Bonhams, the prestigious British auction house famous for selling multi-million pound classic cars and artwork, was today sold to a private equity firm.
There had been reports in May the owners of the 225-year-old firm were preparing to put the company under the hammer.
It has now been confirmed private equity firm Epiris has agreed to buy it for an undisclosed figure.
While both parties refused to discuss the price paid, Epiris invests in companies worth between £75 million and £500 million, deploying between £40 million and £150 million of equity.
Matthew Girling, CEO of Bonhams, said: “We are delighted to have found a buyer that recognises the potential offered by this business and its employees.

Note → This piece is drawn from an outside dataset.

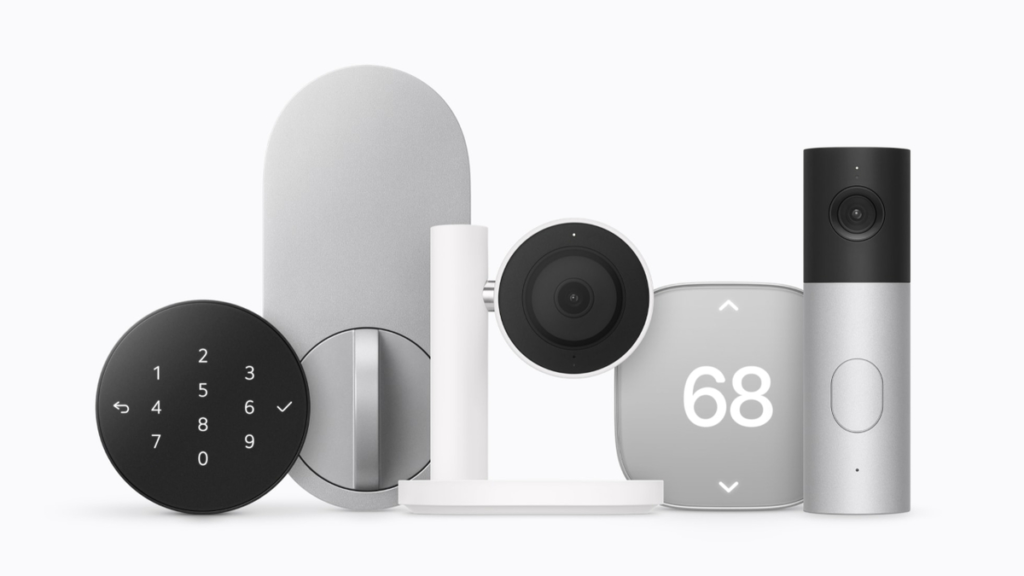 Apple Home Collection mit LG und Schneider Electric für das vernetzte Zuhause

“Bonhams is one of the world’s oldest auctioneers – and one of the most ambitious.
“During the past 20 years we have pursued a growth strategy that has turned the company into a truly global organisation.

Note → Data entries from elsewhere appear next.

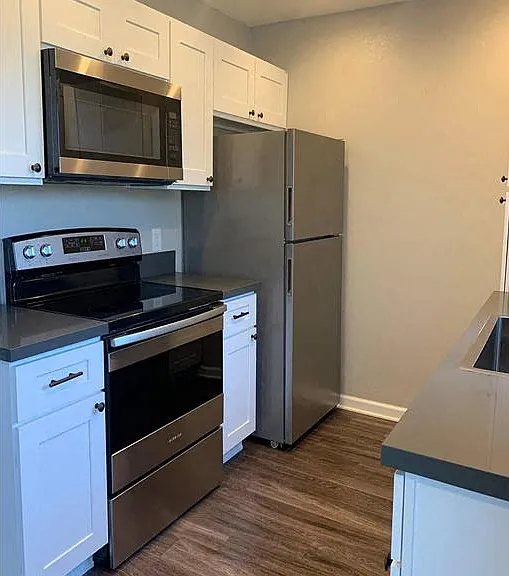 Beachfronter Apartments — Photo 19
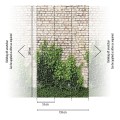 Mural tapeta 79226-8 The Wall 4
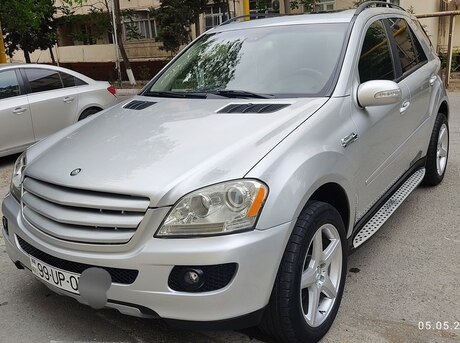 Mercedes ML 350 4MATIC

“The value of Bonhams rests with its people, their skills, their extraordinary expertise and their strong networks across the world.”
Robert Brooks, shareholder and chairman of Bonhams, said: “We have always had the intention one day to pass on the business to a new owner who shares our long-term vision for Bonhams.
“We would like to express our gratitude to Matthew Girling and the team, who have helped us transform the business into a truly global platform.
“I am immensely proud of what we have achieved at Bonhams and look forward to seeing the business continue to thrive under its new owners.”
Bonhams sold more than 50,000 lots last year for in excess of £450 million.
The auction house, which has its flagship saleroom in New Bond Street, London, holds 250 sales per year, including specialists auctions for jewellery, artwork and antiques and motor cars.
Until last month, it held the record for the most valuable car sold at auction, after selling a Ferrari 250 GTO for £22.8 million in 2014.
Another standout sale was the ex-Juan Manuel Fangio 1954 Mercedes-Benz W196R which was sold for £19.6 million at The Goodwood Festival of Speed in 2013.
And earlier this year, in Hong Kong, Bonhams sold a 60-year-old bottle of Macallan Valerio Adami whisky for £814,081.
Figures from Companies House show the company recorded profits of £4.8 million in 2017.
Bonhams CEO Matthew Girling and CFO Jonathan Fairhurst will be joined by Bruno Vinciguerra, a former COO of Sotheby’s who has been appointed incoming executive chairman.
Mr Vinciguerra said: “Bonhams is a business with great potential and a strong track record.
“I greatly look forward to working with the team to help deliver the next stage of growth.”
Owen Wilson, partner at Epiris, added: “Bonhams is a global business operating in a market with long-term structural growth and high barriers to entry.
“It is a platform with extensive scope for transformation through investment.
“We are delighted to be working with Bruno, Matthew and the rest of the team to implement our shared vision.”